### Exercise requirements
Only one span of the listing below should come back. It runs from the line with "Photo - 4110 N 47th St" through the line with "Used 2024 Porsche Macan image 8", and each of its lines must be reproduced exactly.

### Data

+ + + +

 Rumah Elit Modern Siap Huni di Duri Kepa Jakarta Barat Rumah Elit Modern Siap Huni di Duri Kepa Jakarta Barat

+ + + +

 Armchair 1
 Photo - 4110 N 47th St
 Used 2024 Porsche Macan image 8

+ + + +

### Response to the task
 Photo - 4110 N 47th St
 Used 2024 Porsche Macan image 8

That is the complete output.